School: Shoshoni
Nickname: Wranglers
Colors: blue and yellow
Stadium: Bailey Field
State championships: 1959 and 1985
Times worth remembering: There’s a reason why Shoshoni’s field is named after coach Harold Bailey. From 1976-87, the Wranglers didn’t have a losing season, compiling an overall record of 75-22, including a 9-1 1985 season that culminated in the Wranglers’ second state championship.
Times worth forgetting: When Bailey took over the program in 1975, he was assuming the reins of a squad that won just one game in the previous three seasons. The 1972 Shoshoni team went 1-8, but somehow it got worse. The 1973 team went 0-8-1, but somehow it got worse. The 1974 team went 0-9, and finally it couldn’t get any worse.
Best team: Led by speedy, shifty junior Orlando Cordova in the backfield, the 1959 Wranglers were rarely challenged on their way to the Class B championship. Shoshoni’s biggest win of the season came in the first game of the year, a 13-7 thriller over perennial favorite Byron; from there, only St. Stephens put up any kind of challenge before Shoshoni again beat Byron in the championship game. On average, the Wranglers won by a 31-6 score — an offensive and defensive juggernaut unlike few others seen in the low-scoring 1950s.
Biggest win: After several close calls in the late 1970s and early 1980s, the Wranglers finally won a state championship for coach Bailey in 1985, beating Seton 18-7 in the 2A title game. Shoshoni trailed 7-6 late but scored two touchdowns eight seconds apart in the final minute and 20 seconds to pull away. A six-yard scoring run by Jeff Campbell gave Shoshoni the lead and a nine-yard interception return for a touchdown by Lance Bolt on Seton’s first play of its subsequent drive sealed the championship.

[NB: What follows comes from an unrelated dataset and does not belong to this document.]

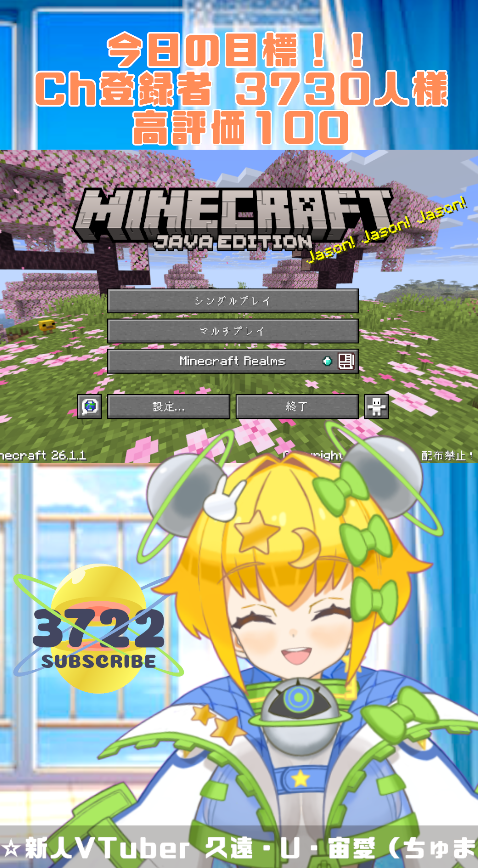 久遠・U・宙愛🚀💛新人VTuber tweet media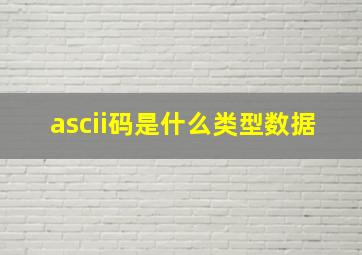 ascii码是什么类型数据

Heartbreaker: Finally in the playoffs, Shoshoni let its best opportunity slip away by a single point. The Wranglers, despite 6-1 records in 1976 and 1977, couldn’t make it into the postseason, but those shortcomings helped fuel an 8-0 regular season in 1978. In the Class B semifinals against Cokeville, though, the Wranglers let that work slip through their fingers in a 7-6 loss. Despite outgaining the Panthers 203-161 and despite scoring first on a 65-yard pass from Rick Pingetzer to Russ Ackerman in the first quarter, the Wranglers couldn’t convert on the extra point — and that was all the margin Cokeville needed. Cokeville blasted Lingle in the championship game the next season; Shoshoni, which lost first-round playoff games in 1980 and 1984 before winning the state title in 1985, was left to lick its wounds.